**AIM OF THE TASK**
The answer must consist only of the lines from the line with "山形の極み　東の麓酒造　龍龍龍龍（てつ）　純米大吟醸　雫酒　７２０ｍｌ" to the line with "Cari blotting powder", both included, exactly as they stand below.

**AVAILABLE DATA**

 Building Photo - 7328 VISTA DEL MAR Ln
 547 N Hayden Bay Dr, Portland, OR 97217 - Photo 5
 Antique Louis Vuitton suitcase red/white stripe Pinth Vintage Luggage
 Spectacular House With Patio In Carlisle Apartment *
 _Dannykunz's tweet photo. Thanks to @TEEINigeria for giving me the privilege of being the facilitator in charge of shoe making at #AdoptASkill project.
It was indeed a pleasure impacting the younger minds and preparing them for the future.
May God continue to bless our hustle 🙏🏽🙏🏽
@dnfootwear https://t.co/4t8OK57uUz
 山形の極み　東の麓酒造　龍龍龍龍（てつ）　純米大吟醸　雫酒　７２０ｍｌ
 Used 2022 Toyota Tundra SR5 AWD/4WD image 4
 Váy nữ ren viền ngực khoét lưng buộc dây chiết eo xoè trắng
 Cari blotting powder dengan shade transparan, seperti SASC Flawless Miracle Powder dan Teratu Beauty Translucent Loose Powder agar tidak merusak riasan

---

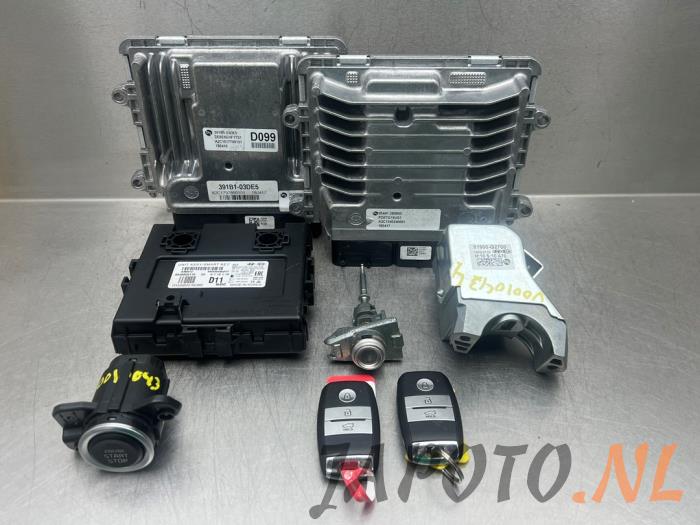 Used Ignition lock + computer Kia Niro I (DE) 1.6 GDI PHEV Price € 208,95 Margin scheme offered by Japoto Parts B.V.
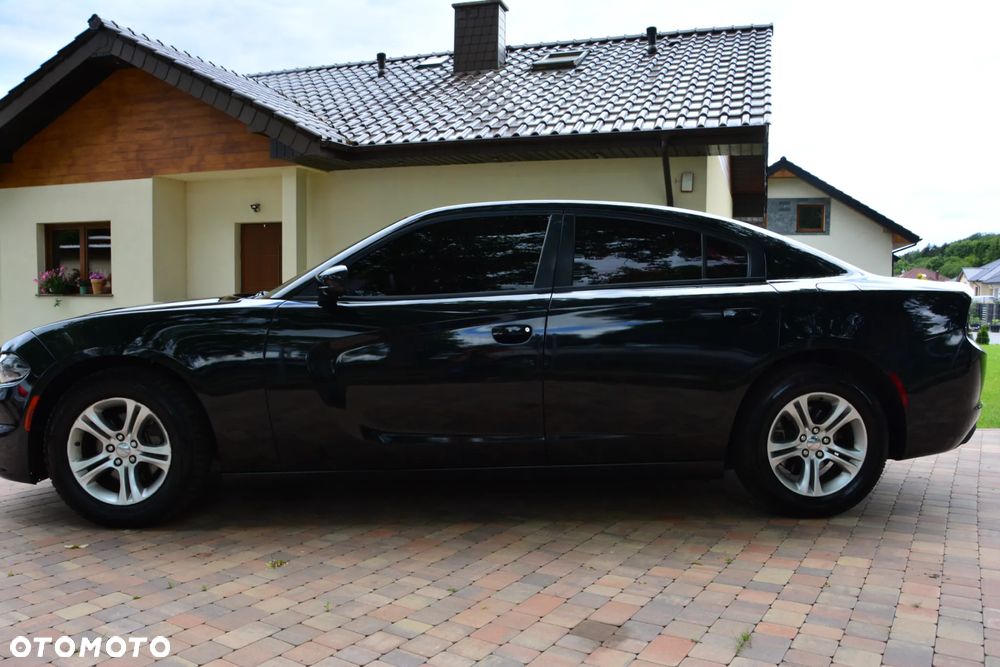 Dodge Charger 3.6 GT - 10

==

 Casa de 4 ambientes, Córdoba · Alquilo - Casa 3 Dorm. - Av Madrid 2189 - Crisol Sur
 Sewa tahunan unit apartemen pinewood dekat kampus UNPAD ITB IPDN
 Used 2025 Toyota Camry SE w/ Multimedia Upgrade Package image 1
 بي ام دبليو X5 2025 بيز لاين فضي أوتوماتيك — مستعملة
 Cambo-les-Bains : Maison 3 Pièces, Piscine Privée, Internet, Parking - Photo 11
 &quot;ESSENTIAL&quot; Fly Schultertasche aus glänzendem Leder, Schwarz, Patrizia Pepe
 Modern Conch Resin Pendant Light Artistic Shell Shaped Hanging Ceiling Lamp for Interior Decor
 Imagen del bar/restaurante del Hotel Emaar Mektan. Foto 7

**ANSWER TO THIS EXERCISE**
 山形の極み　東の麓酒造　龍龍龍龍（てつ）　純米大吟醸　雫酒　７２０ｍｌ
 Used 2022 Toyota Tundra SR5 AWD/4WD image 4
 Váy nữ ren viền ngực khoét lưng buộc dây chiết eo xoè trắng
 Cari blotting powder dengan shade transparan, seperti SASC Flawless Miracle Powder dan Teratu Beauty Translucent Loose Powder agar tidak merusak riasan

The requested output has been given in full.